Last week, while visiting Monteverde, Costa Rica, where its extensive rainforest’s exquisite beauty is accessible and preserved, I had the opportunity to visit its Butterfly Garden. Not actually an outdoor garden but rather a series of buildings and enclosures, each featuring a variety of butterfly species which illustrate a particular feature such as camouflage or mimicry. Our tour began in one such building—where our guide, Nathaniel, an attractive young scientist from Ottawa, held forth on rainforest creatures such as tarantulas and scorpions and cockroaches. (Since each tour was to enter and exit each building en masse, so as to prevent any of these gorgeous creatures from escaping, I think the grand design for his holding-forth was to make sure everyone who planned to join us was actually there.)

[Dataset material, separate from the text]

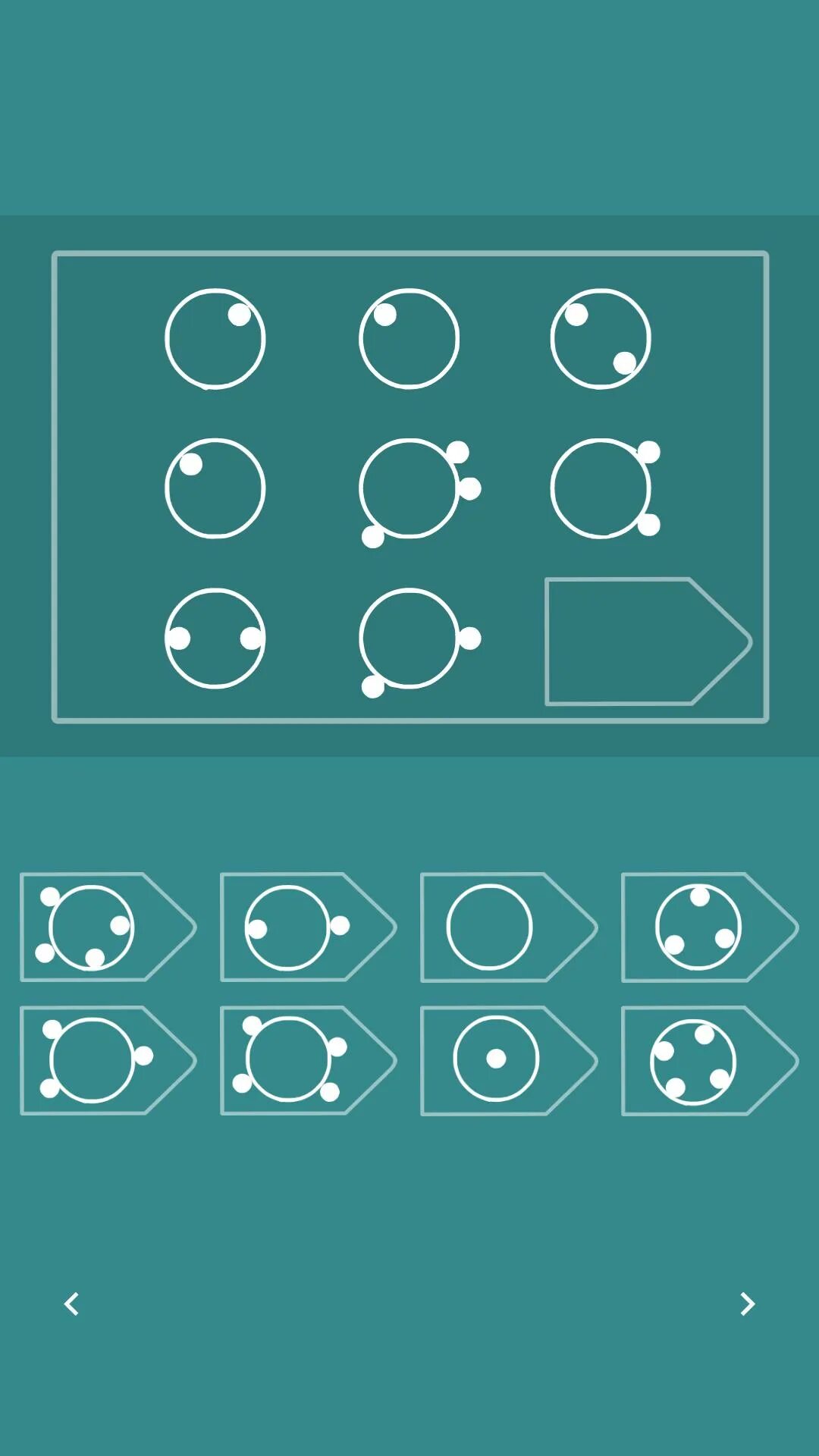 IQ Test. Тест на айкью. Тест на IQ скрин. Результаты айкью теста.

As Nathaniel offered detailed and humorous descriptions of the intricate and intriguing mating rituals of various creepy, crawly creatures, I found myself saddened by what’s currently happening to scientific research; the same sort of academic pursuit which, over time, had resulted in his fascinating monologue. And told him so as we began to file out.
“Don’t worry,” he assured me. “There’s lots of us who are passionate about research! It’ll go on.”
Of course! Just as Mother Nature finds the most impressive ways to ensure a myriad of species’ ongoing survival, so will dedicated, knowledge-driven people under the age of fifty pursue their dreams. That’s how they’ll survive! And later that week, in the quiet, held worship at Monteverde’s Friends Meeting, it came to me that such passion is another variety of Love/Light/Spirit/God, isn’t it?